## Directions for this task
Using the listing below, give again exactly the lines from the line with "2022款 2.0l 进取版报价_图片_丰田_汽车之家" to the line with "MELROSE AVE VEGAN", inclusive, without the pictures.
(Input begins)
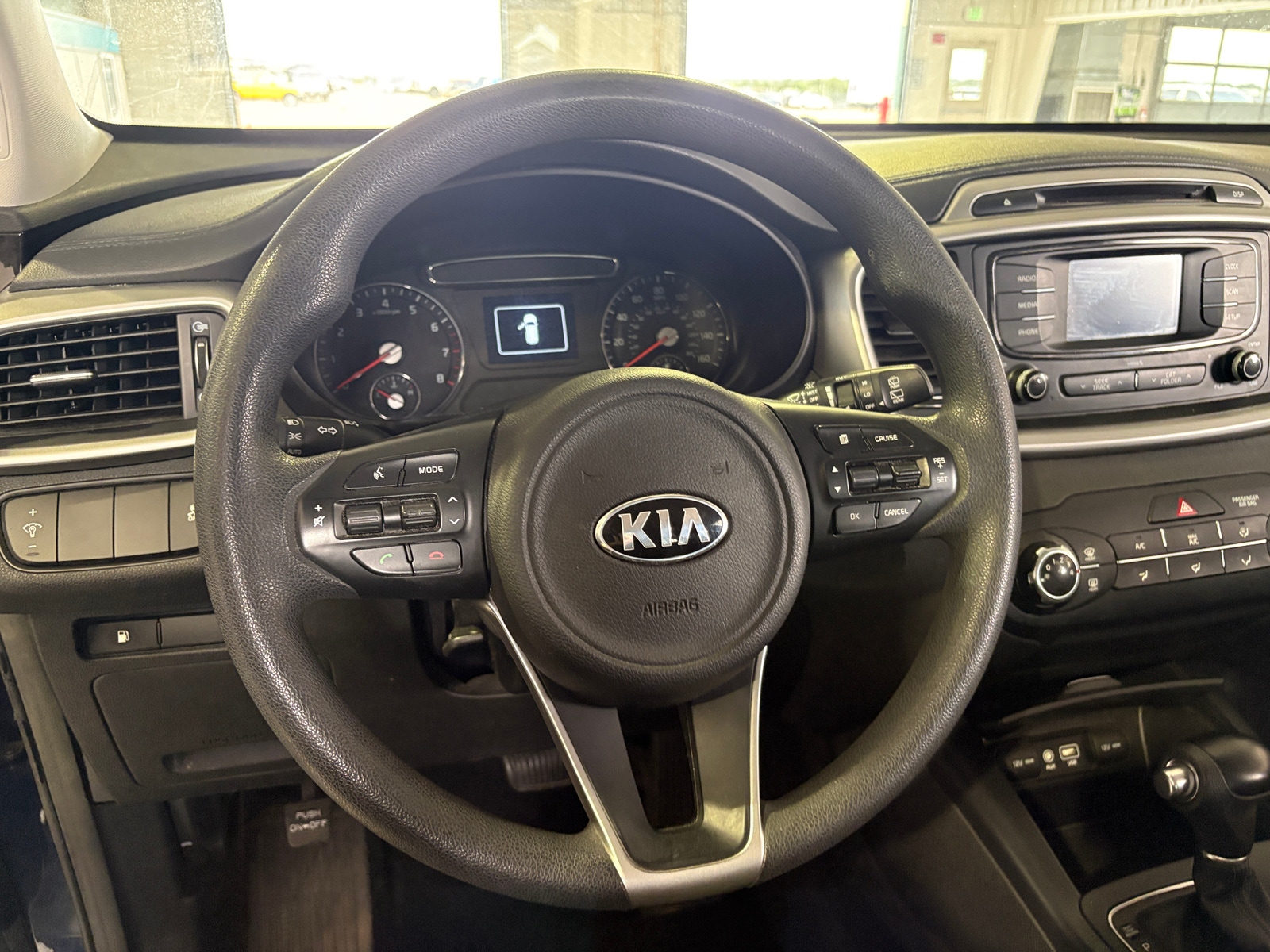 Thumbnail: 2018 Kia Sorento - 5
(Input ends)
(Input begins)
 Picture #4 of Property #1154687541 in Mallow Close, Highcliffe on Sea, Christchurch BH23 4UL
(Input ends)
(Input begins)
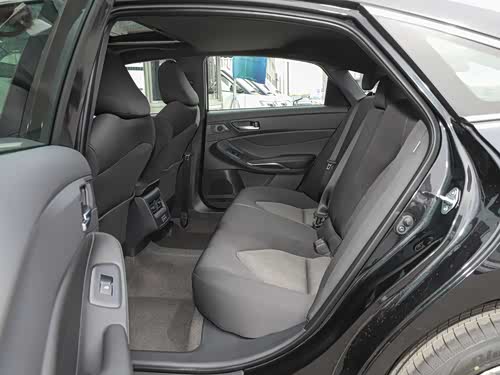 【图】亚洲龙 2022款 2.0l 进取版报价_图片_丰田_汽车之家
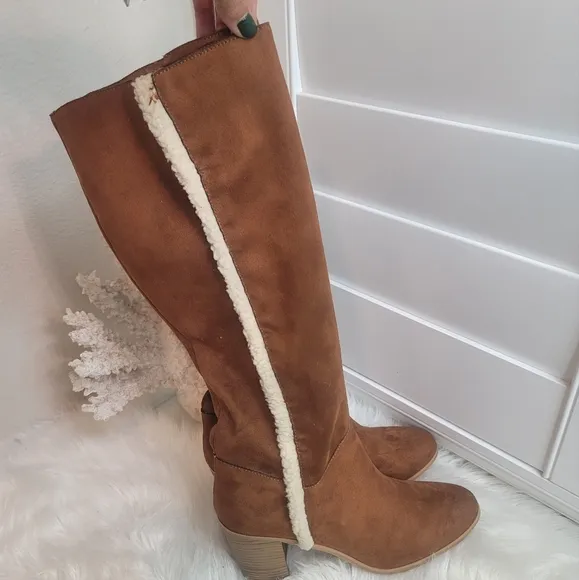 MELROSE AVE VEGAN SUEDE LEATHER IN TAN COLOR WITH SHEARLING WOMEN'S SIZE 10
(Input ends)
## Solved exercise
 【图】亚洲龙 2022款 2.0l 进取版报价_图片_丰田_汽车之家
 MELROSE AVE VEGAN SUEDE LEATHER IN TAN COLOR WITH SHEARLING WOMEN'S SIZE 10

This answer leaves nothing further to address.